Reporters Without Borders is very worried about death threats that were sent anonymously by SMS message on 17 and 19 April to four independent observers who are monitoring the appeal hearings of four people convicted of the June 2007 murder of journalist Serge Maheshe in the eastern city Bukavu. The appeals are being heard by a Bukavu military court.

"The harassment of these four observers, whose work is essential for the truth to emerge, is completely unacceptable and very disturbing," the press freedom organisation said. "There are people who from the very outset have done everyone possible to prevent justice being done in this case and their actions are going from bad to worse. The government needs to finally take this seriously. It has the means of identifying and punishing those responsible for these threats. It must be done without delay."

The four observers are Dieudonné Sango, vice-president of the Congo Provincial Network of Human Rights Organisations (Reprodhoc), Jean-Paul Ngongo of the NGO "Voice of Those Without Voice and Without Freedom," lawyer Jean Bedel of the Congolese Institute for Justice and Peace (ICJP) and Sophie Roudil, Bukavu representative of the NGO International Protection.

All four received the same SMS message shortly after 8 pm on 17 April from the mobile number +243 85 32 10 208. It said: "Don't worry. He who laughs last laughs longest. Those who have done so much to discredit this trial will pay for its outcome with their own blood. We are in the Congo. Be seeing you."
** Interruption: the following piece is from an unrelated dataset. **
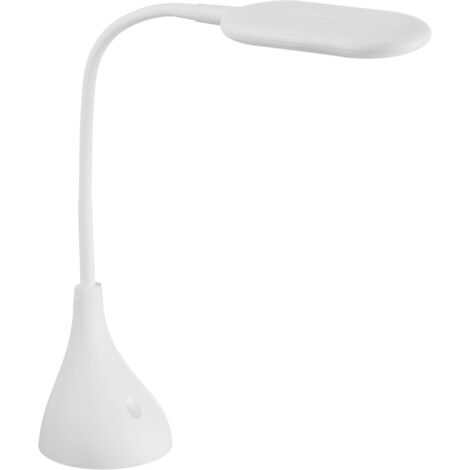 Flexo ROBIN 10W blanco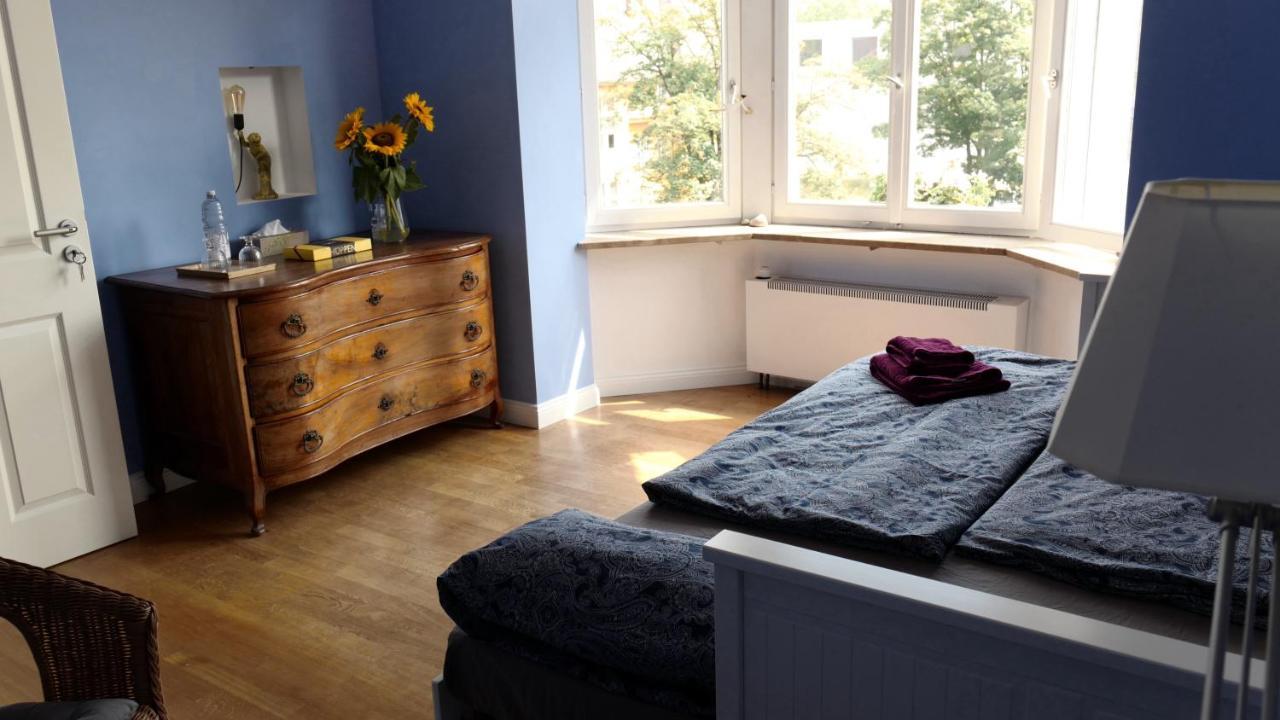 Апартаменты Haus Am Seerhein Констанц Экстерьер фото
The message's four recipients are observing the appeal hearings that have been conducted in an very questionable manner since 6 February. They are part of an independent collective of 30 local organisations which is backed by International Protection and which issues a note after each hearing detailing the anomalies and irregularities that have constantly been observed.

The notes issued by the observers have been widely reported in the Congolese news media. During the 19 and 26 March hearings, they elicited angry comments from the presiding judge about "pointless" pressure on the court. The chief prosecutor, Capt. Dieudonné Kabembe, has warned the observers that they risk being prosecuted for "attacking the judiciary."

After the four observers filed a complaint about the threatening SMS message, three of them - Sango, Ngongo and Bedel - received another one on 19 April. It said: "Complaint? A counter-attack? Hum !!! OK. The strongest will win. It is just a question of time. The die have been cast. Good luck." Roudil meanwhile got a message saying: "With all respect, you are RESPONSIBLE for what will HAPPEN."

The news editor of UN-backed Radio Okapi's regional office in Bukavu, Maheshe was gunned down as he was leaving a friend's home in a residential district of Bukavu at around 9 p.m. on 13 June 2007. He was about to get into his UN-marked car when he and two close friends were approached by two men in civilian dress armed with Kalashnikov assault rifles, who ordered them to lie on the ground. One of them shot Maheshe twice in the legs and three times in the chest.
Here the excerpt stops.